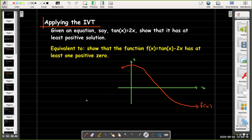There are many applications of the IVT, but probably the most useful is to get us started in finding the solution to an equation or the zero of a function. For example, if I wanted to find a solution to tan(x) equals 2x, I'd start by asking where does that solution exist — and that's what the IVT will help us with.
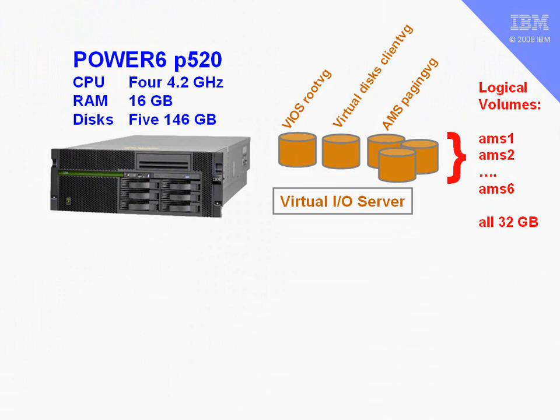Those are actually larger than they need to be. Remember with AMS, the hypervisor via the V.I.O. server will page out the logical memory of your logical partitions. The logical partition memory can't be bigger than the actual machine. This machine only has 16 gigabytes of memory, so there's no need for the logical volumes to be 32 gigabytes.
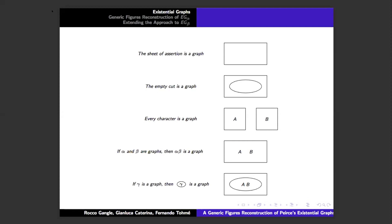Because we're working in this topological framework, commutativity is built in — A and B can be written anywhere on the sheet, anywhere on the same area, and they have the same status. And then finally, if gamma is a graph, we can draw a closed curve around that graph, and that represents logical negation.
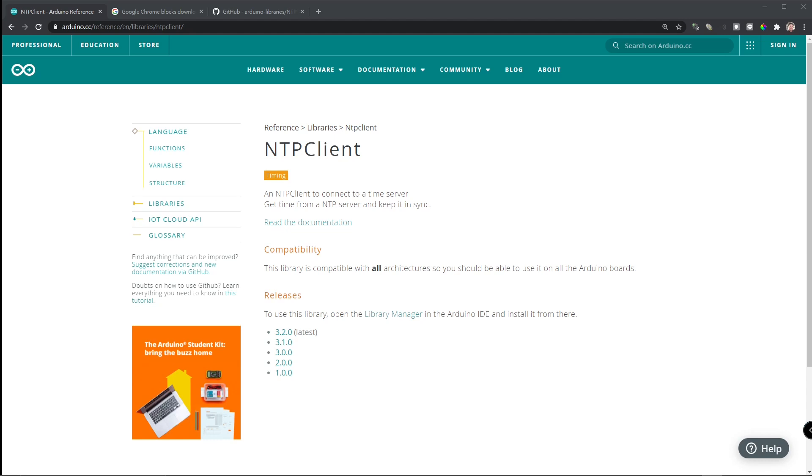Welcome to Weekend Project with StoneZ56. In this tutorial, I would like to show you how to use NTP client.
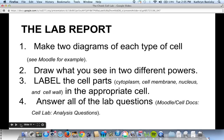There will also be lab questions for you to answer, found on Moodle. This lab is so much fun and we know you'll do a great job. We'll see you in the lab!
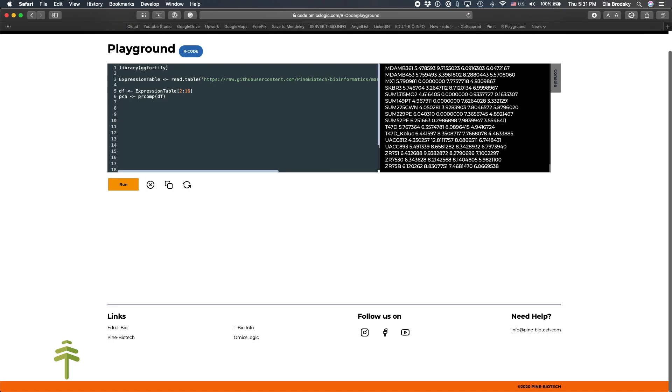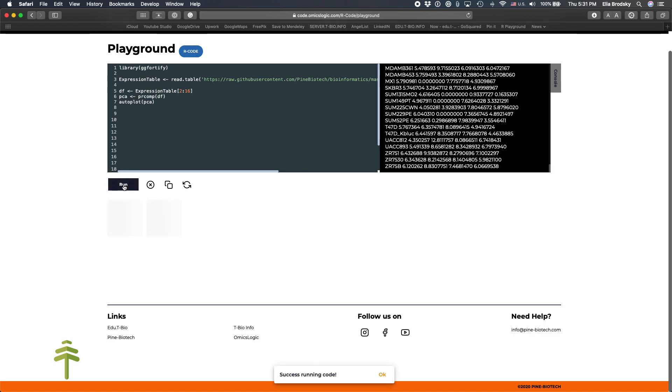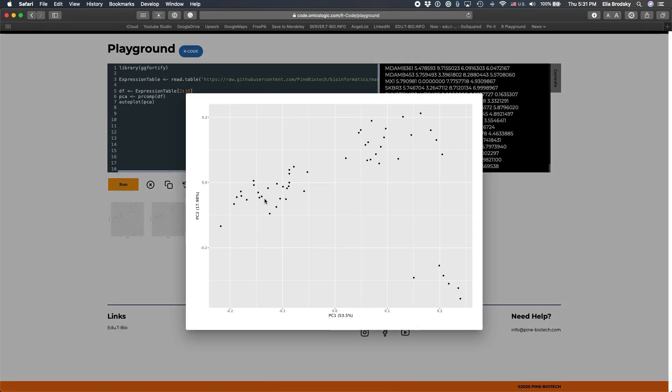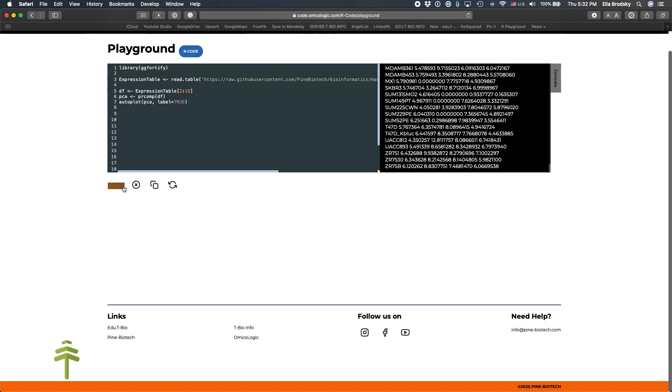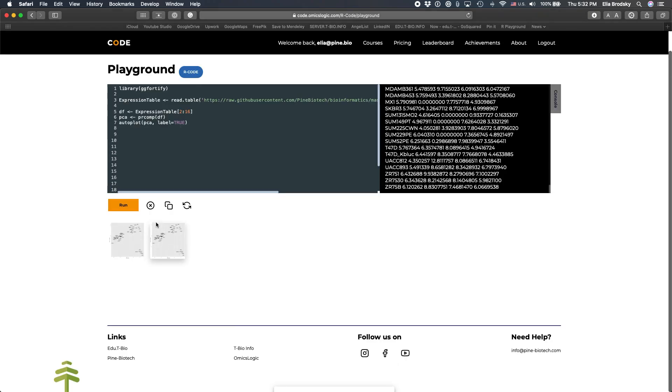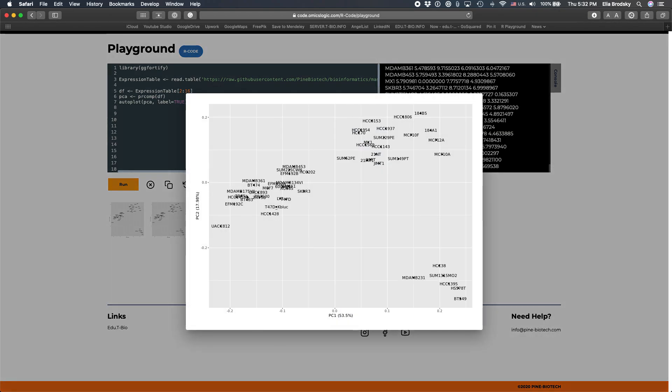And now we can visualize it. So autoplot PCA. Let's see what happens. Okay, so just like last time, we see here some of the samples, but we don't know which ones they are. Of course, we can label them. So if we just add label equals true. We'll see that whatever is stored in our row names, which are the sample names, is going to be displayed.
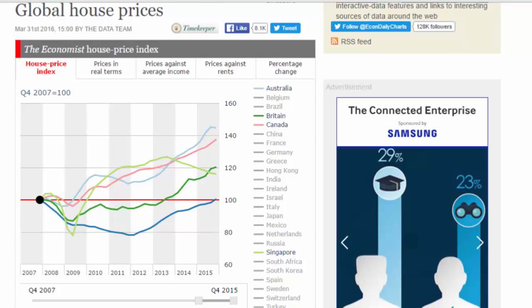Whenever you have data like global house prices, you naturally have a very rich dataset. In this case they have chosen a handful of countries — probably about 20 — including Australia, Brazil, Britain, Canada, India, the United States, Singapore, and a few others. They wanted to explain how the house price trend is going, but if you look at only the house price trend, you don't get the full picture.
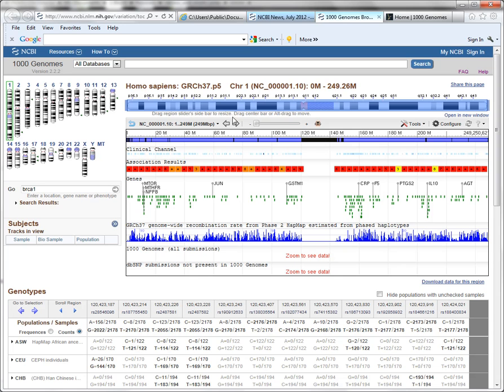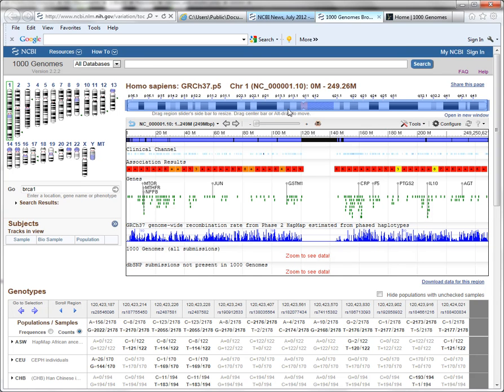Along the top here is the chromosome overview widget. This will display the chromosomal area that you're looking at, and again, we're looking at all of chromosome 1. Below that is the NCBI Sequence Viewer.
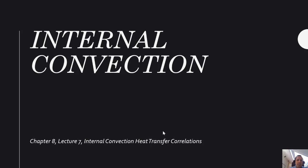Welcome to this video lecture. In this video lecture we're going to talk about heat transfer correlations for internal convection.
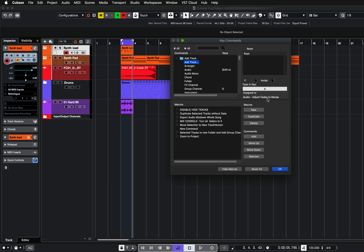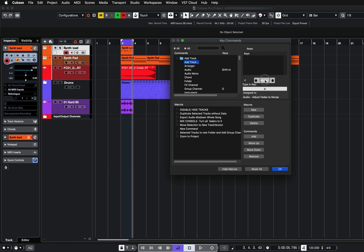Now, I can either change this and type in a different key command if I want to keep the A for audio adjust fades to range, or if I'm not bothered about that key command, then all I need to do is keep the A and click assign.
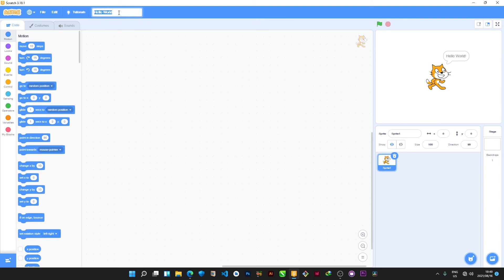Now over here in this space it says 'Hello World,' but on yours it could say 'Project Name' or whatever. You can highlight those words and type something like the name of your project — maybe a game, or you can write 'Snake Game' for example. However, this field is not necessarily something you'll use a lot; it is basically much more useful in the browser version of Scratch. The desktop version stores it as you have seen in your PC.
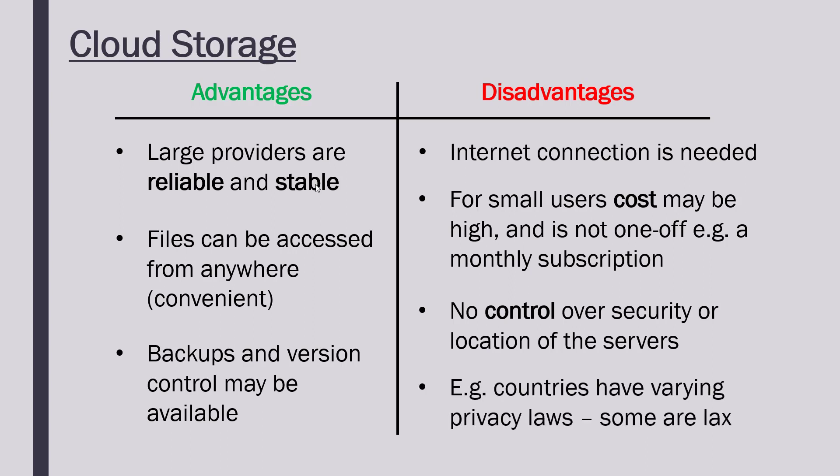Related to my second point about the location of the servers, some countries have different privacy laws than the UK. Some other countries might have more relaxed privacy laws, which means that your data may not be as protected as it would be in a country like the UK.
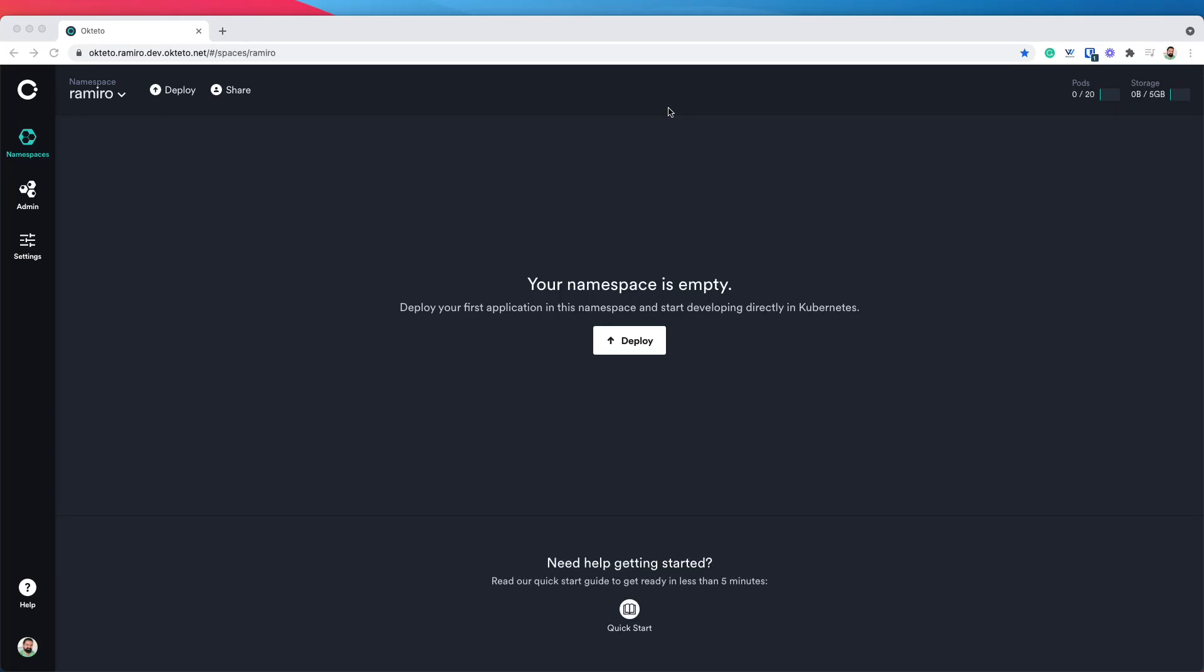Hi everyone, I'm Ramiro. I'm one of the co-founders of Octetro. Today I'm going to show you how to deploy your development environment in Octetro.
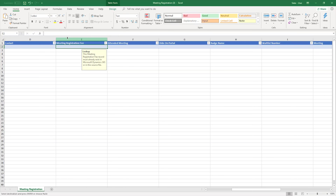For the import to succeed, required fields must have a value, but columns for optional fields can be left blank or even removed to make the template more manageable.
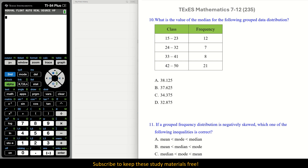Number 10: What is the value of the median for the following grouped data distribution? We find the middle value by looking at total frequency first, then going to the appropriate class. Add up the total frequency — in this case it is 48 — and divide by 2, giving us 24, since we're looking for the median.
....................
* [YOUR GOAL] Reproduce exactly, with every picture left out, the lines from the one that contains "For the import" to the final line of the records above.

* [SOLUTION TO THE EXERCISE]
For the import to succeed, required fields must have a value, but columns for optional fields can be left blank or even removed to make the template more manageable.
Number 10: What is the value of the median for the following grouped data distribution? We find the middle value by looking at total frequency first, then going to the appropriate class. Add up the total frequency — in this case it is 48 — and divide by 2, giving us 24, since we're looking for the median.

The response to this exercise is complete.